After the Kennedy administration ended the Bracero program at the urging of the UFW, farmworker wages, labor standards, and unionization rates rose significantly throughout the late 1960’s and 1970’s. Migrant labor camps largely disappeared from the fields of California, replaced by long-term resident farmworker families living integrated within residential communities, improving day-to-day life for farmworkers. The H-2A program was created in the 1980’s under the Reagan administration to restore growers’ ability to import temporary workers. While the H-2A program contains more legal protections for workers, the fundamental flaw of the power imbalance faced by temporary visa farmworkers remains the same as the old Bracero program.
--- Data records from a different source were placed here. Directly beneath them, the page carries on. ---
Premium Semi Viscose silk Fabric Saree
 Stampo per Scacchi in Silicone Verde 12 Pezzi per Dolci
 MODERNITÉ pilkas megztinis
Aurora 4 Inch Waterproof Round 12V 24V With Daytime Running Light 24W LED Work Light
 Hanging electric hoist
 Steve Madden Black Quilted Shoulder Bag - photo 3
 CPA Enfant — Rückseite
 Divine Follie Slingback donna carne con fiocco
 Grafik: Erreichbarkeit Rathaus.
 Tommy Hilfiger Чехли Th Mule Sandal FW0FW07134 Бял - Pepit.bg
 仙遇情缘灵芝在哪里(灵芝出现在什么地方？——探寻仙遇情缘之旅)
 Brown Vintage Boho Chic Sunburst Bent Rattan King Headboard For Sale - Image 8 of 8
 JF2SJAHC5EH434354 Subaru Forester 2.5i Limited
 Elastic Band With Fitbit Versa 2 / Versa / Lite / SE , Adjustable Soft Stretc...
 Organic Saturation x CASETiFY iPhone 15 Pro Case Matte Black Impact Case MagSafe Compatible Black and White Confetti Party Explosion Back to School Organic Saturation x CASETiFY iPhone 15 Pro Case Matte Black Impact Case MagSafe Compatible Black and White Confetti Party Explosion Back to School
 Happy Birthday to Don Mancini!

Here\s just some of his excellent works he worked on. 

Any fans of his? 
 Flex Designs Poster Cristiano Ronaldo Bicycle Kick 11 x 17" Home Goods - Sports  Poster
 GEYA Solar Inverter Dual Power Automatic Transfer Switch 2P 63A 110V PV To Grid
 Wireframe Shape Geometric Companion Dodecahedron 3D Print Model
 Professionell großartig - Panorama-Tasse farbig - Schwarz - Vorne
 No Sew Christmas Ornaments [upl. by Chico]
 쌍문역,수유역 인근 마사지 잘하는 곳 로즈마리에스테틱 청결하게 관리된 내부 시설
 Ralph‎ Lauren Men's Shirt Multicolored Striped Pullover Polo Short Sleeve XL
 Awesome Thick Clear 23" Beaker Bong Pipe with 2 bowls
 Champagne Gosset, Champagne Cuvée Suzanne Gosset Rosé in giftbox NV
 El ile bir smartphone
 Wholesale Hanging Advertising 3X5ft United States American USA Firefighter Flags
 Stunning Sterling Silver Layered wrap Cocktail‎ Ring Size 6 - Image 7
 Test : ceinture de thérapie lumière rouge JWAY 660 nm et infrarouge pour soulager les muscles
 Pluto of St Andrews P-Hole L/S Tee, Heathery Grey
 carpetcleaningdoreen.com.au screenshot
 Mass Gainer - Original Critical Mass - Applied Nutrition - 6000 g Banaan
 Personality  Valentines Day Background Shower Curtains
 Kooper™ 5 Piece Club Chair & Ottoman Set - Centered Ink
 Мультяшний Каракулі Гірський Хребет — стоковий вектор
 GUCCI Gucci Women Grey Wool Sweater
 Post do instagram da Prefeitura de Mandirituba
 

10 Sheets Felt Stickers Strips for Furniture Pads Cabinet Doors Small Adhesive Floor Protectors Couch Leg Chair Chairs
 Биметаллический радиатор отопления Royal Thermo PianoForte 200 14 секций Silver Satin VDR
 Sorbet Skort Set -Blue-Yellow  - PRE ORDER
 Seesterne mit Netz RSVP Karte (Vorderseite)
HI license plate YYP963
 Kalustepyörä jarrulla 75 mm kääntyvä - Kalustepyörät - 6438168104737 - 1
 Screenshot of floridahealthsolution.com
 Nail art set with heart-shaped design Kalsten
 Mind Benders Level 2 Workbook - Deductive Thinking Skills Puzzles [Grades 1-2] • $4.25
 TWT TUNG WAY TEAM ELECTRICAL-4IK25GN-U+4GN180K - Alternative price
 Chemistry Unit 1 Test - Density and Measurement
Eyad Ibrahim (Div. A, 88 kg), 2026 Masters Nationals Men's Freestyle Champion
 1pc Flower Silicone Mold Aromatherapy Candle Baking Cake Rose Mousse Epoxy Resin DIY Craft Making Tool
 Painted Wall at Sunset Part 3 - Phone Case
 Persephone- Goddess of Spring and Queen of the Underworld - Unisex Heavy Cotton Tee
In 2018, two labor contractors in Santa Paula were indicted in federal court with running a scam to systematically steal a portion of H-2A workers’ wages for several years. A Department of Labor investigation in 2019 awarded nearly half a million dollars in back wages to hundreds of farmworkers, particularly H-2A workers in the Santa Maria area.
Because growers are required to provide housing for H-2A workers, the industry’s rapid shift towards H-2A is creating local controversy about where farmworkers should live. Some growers are seeking to build farm labor camps and other bunker style housing that fits as many workers as possible, as well as convert existing year-round housing stock to temporary H-2A dwellings. Meanwhile, anti-immigrant sentiment has whipped up public opposition to housing farmworkers within our cities. In 2016, farmworker housing under construction in a residential neighborhood of Nipomo was burned down in an act of arson. This anti-immigrant backlash has pushed local growers to explore the option of building H-2A housing on their fields in the county, where workers are kept out of sight and out of mind.
Farmworker advocates, housing experts, and industry leaders agree that farmworker housing is best placed within communities with access to basic amenities and critical public services. H-2A workers are a highly vulnerable population, far away from anyone they know, and thousands of miles from home in a new foreign country. They are entirely are dependent on their employers for housing, food, limited transportation, employment, and their legal status in the US. Isolating temporary farmworkers from access to nonprofit and public agencies, emergency services, healthcare, legal aid, churches, stores, and recreation, puts them at risk of exploitation and cuts them off from a normal life of human dignity outside of work.
CAUSE worked to advocate for the County of Santa Barbara's Agricultural Employee Dwelling (AED) program to prioritize farmworker housing in communities by maintaining oversight of large bunker-style farmworker housing development in the fields of the county. As the City of Santa Maria developed its H-2A housing ordinance, CAUSE also worked to bring together stakeholders to negotiate an agreement that would prevent the loss of existing farmworker housing in the city while ensuring displacement assistance for local community members and farmworkers evicted to convert their housing units to H-2A housing.